In Joyner v. Smith, 132 Ga. 779 (1, 2) ( 65 S.E. 68), it is said: "In an action on a general warranty of title to land against the claims of all persons, an eviction or equivalent disturbance by an outstanding paramount title must be alleged. Although there must be an eviction, or what is equivalent or tantamount to an eviction, it is not always necessary that there should be an actual dispossession of the warrantee. If the paramount title is so asserted that he must presently yield to it, or go out, the warrantee may purchase from the true owner, and this will be considered a sufficient eviction to constitute a breach." See, in this connection, Clements v. Collins, 59 Ga. 124 (1).
We think that the trial judge erred in striking the amendments to the defendant's answer on motion of the plaintiff.
2. The original attachment provides: "James Smith . . says that T. V. DuBois . . is indebted to James Smith in the sum of thirteen hundred sixty dollars 45 cents, principal, with interest at 7 percent per annum from 15 day of Apr. 1942." In the declaration in attachment no mention is made of the interest claimed to be due from DuBois to Smith, but the declaration refers distinctly to the attachment and states that the attachment was returnable to a certain term of the superior court and describes the property upon which the sheriff had levied.
The defendant contends that the trial judge erred in instructing the jury to return a verdict for interest at seven percent from the date of the indebtedness up to the present time if they found the plaintiff entitled to recover. The defendant points out that the declaration makes no reference to the interest, and insists that the charge was not authorized by the pleadings.
In King v. Thompson, 59 Ga. 380 (5), it is said: "A declaration in attachment will be construed in connection with the attachment papers when it refers distinctly to those papers, and such declaration will be held sufficient if the debt be distinctly declared upon, and the attachment papers be described as pending in the court and returnable to a certain term thereof, though no special prayer for judgment be in the declaration."
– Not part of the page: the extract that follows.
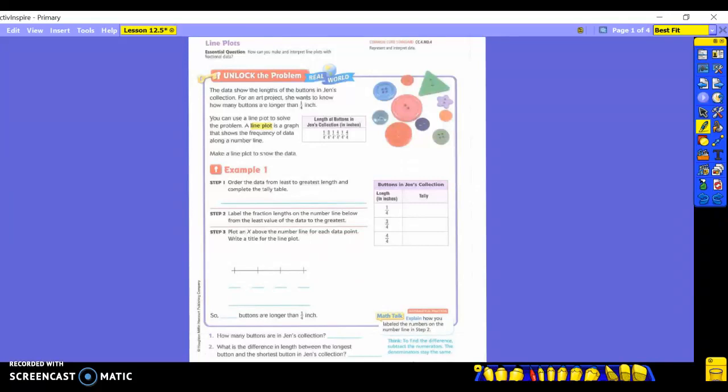Alright, today we are going to do some things with line plots. You're going to learn how you can make and interpret line plots with fractional data. Does anybody even remember what a line plot is?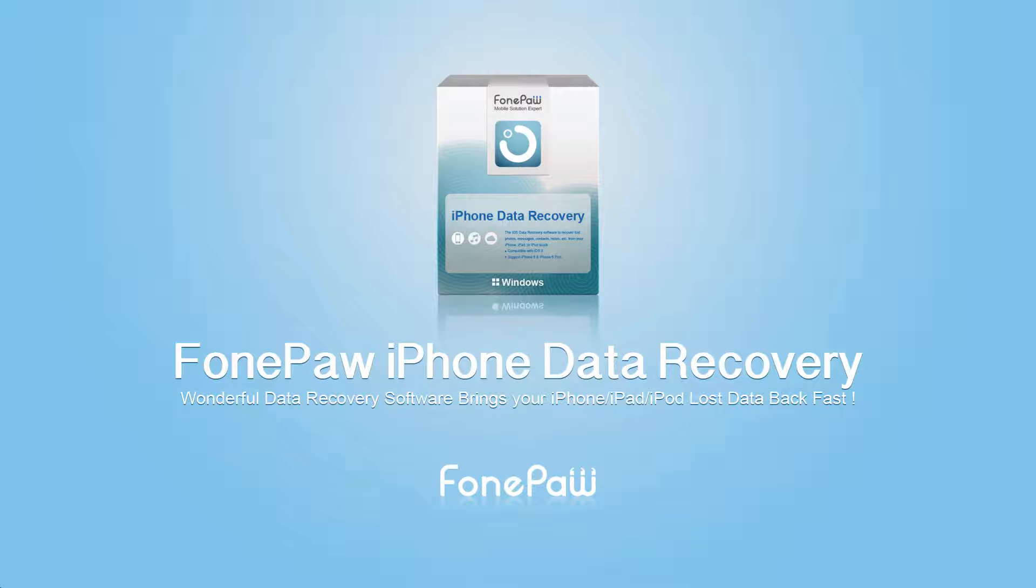Hi everyone. Here I will show you how to recover call history on iPhone.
Construing the declaration in connection with the attachment, on which the declaration is based, we think that the pleadings authorized the instructions of the trial judge relative to the question of interest. Therefore it follows that special ground 2 of the amended motion for new trial is without merit. Merchants Grocery Company v. Albany Hardware Mill Company, supra.
3. Since the errors complained of in special grounds 1, 3, 4, and 5 are not likely to occur in the second trial of this case, they will not be considered; and since the case is being returned to the trial court for another trial, this court will not consider the general grounds of the motion for new trial.
Judgment reversed. Gardner and Townsend, JJ., concur.